We now come to a consideration of the question of appellee’s liability to appellants under her contract with Beetz. It is argued that there was no privity of contract between appellee and appellants. But it must be remembered that the action is not based upon privity of contract alone, but rather privity of estate. At common law a lease was not assignable so as to invest the assignee. with the legal title to the rent. A tenant owed neither fealty nor rent to the assignee until he had assented to the assignment by attorning to the purchaser. To remedy this inconvenient principle of the common law, a statute (an ancient English statute) was passed which made assignments of reversions valid in all cases without attornment. This statute has virtually become-a part of the American common law in the absence of local statutory enactment on the subject. But aside from the general rule and authority above stated, we have a Kentucky statute, section 2304, which reads as follows:

“If the owner or holder alien or assign his estate or term, or the rent thereafter to fall due thereon, his alienee or assignee may recover such rent.”
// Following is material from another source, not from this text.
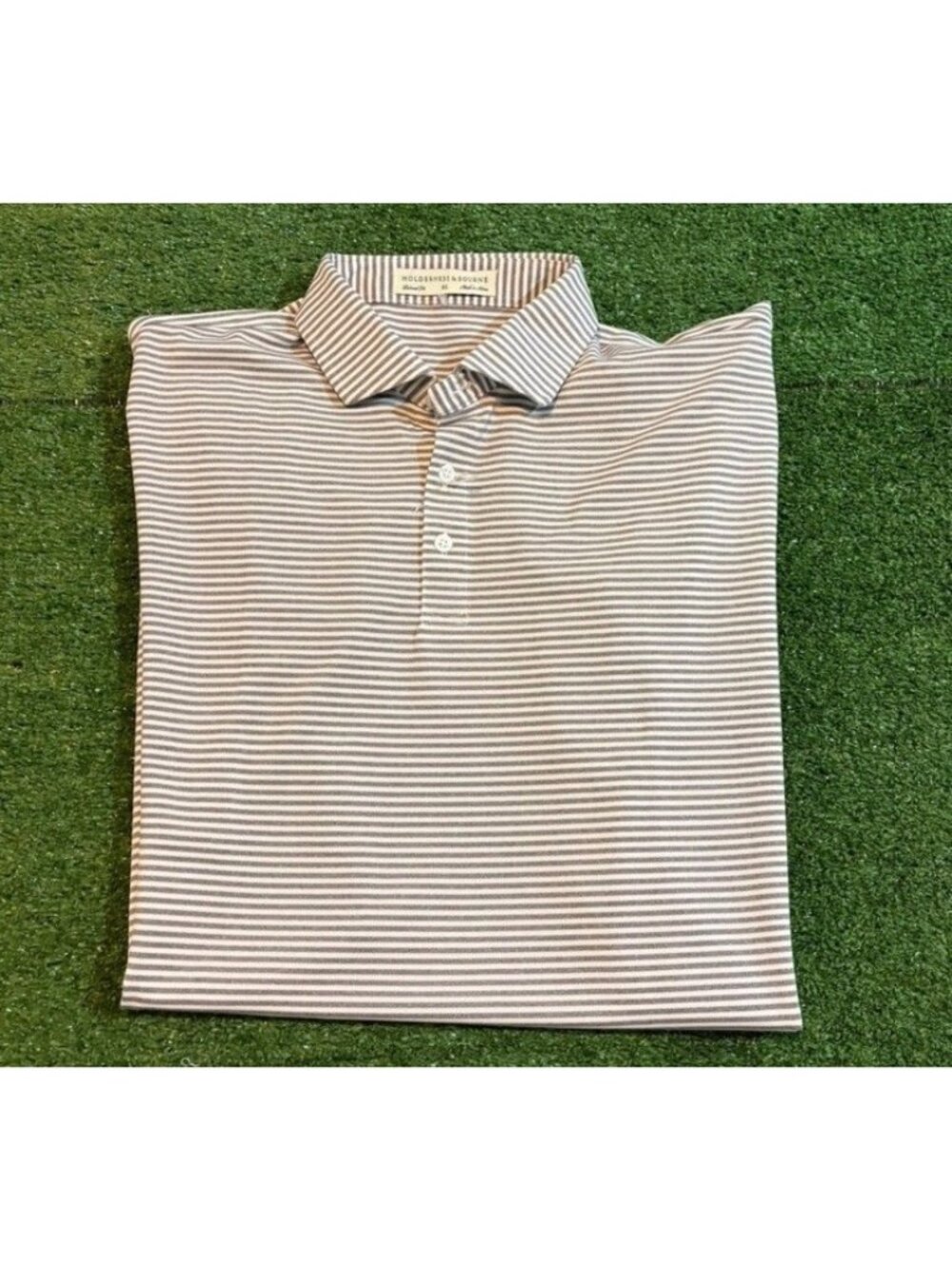 Holderness & Bourne polo mens XL white gray lighweight cleveland cavs breathable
The above-quoted section of our statute has been construed many times by this court dealing with questions similar to the one in the instant case. But even before the enactment of these statutes, the principles thereof were, followed by this court as far back as the case of Williamson’s Adm’x v. Richardsons, 6 T. B. Mon. (22 Ky.) 596, decided by this court in 1828, and this doctrine has been consistently adhered to down to the late case of Bowling v. Garber, 250 Ky. 137, 61 S. W. (2d) 1102, decided by this court in 1933, in which line of decisions it has been consistently held that a conveyance of a reversion transfers the entire interest in a leasehold including unaccrued rents, for which the assignee or grantee may recover of his vendor’s lessee, who becomes the tenant of such assignee or vendee by virtue of such conveyance or assignment. Bowling v. Garber, supra; Williamson’s Adm’x v. Richardsons, supra; Epperson v. Blakemore, 2 Bush (65 Ky.) 241; Castleman v. Belt, 2 B. Mon. 157; Ventura Hotel Co. v. Pabst Brewing Co., 109 S. W. 354, 33 Ky. Law Rep. 149; Breeding v. Taylor, 13 B. Mon. 477.
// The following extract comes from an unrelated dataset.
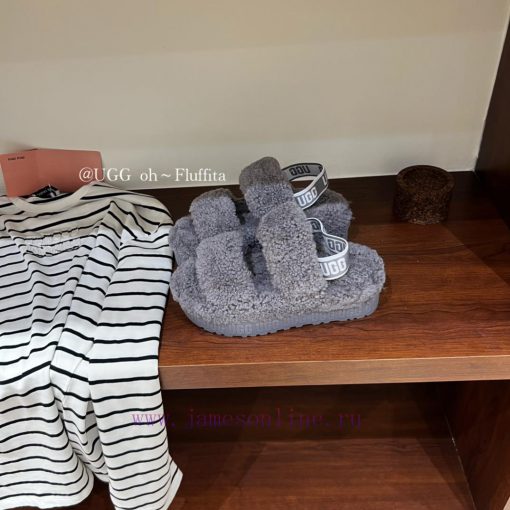 UGG plush slippers 𝐅𝐥𝐮𝐟𝐟𝐢𝐭𝐚 Teddy series thick soled elastic strap exposed toe plush shoes~A20qz7g13 - Image 7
A covenant to pay an agreed rent is a covenant which runs with the land and binds both the lessee and the grantee of the reversionary interest, which the grantee or assignee may enforce against the lessee, for the simple and fundamental reason that the grantee by his purchase is vested with all the legal rights and remedies as would have been available to his grantor as against the lessee. Riley v. Louisville, L. & C. R. Co., 6 Ky. Op. 183; 35 C. J. sec. 444, p. 1215.
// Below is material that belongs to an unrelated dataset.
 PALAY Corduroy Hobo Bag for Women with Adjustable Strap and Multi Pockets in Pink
The further argument is made for appellee that at the time appellants obtained their title to the property appellee was not occupying the property and had vacated same several days' prior thereto. But it must be remembered that the breach of the lease covenant does not lie in the failure to occupy the property, but in the failure to pay the rents as therein stipulated, and there was no breach of the covenant until appellee refused to pay the rent. If appellee was bound to her lessor, Beetz, for the rents (and we have concluded that she was), it follows then that she is likewise bound to his grantee, and they have the same rights and remedies as were available to their grantor.

In view of what has been said, it is our conclusion that appellee is responsible to appellant for the rents sued for, and the chancellor erred in failing to so adjudge.

The motion for an appeal is sustained, the appeal granted, and the judgment reversed and remanded for proceedings consistent herewith.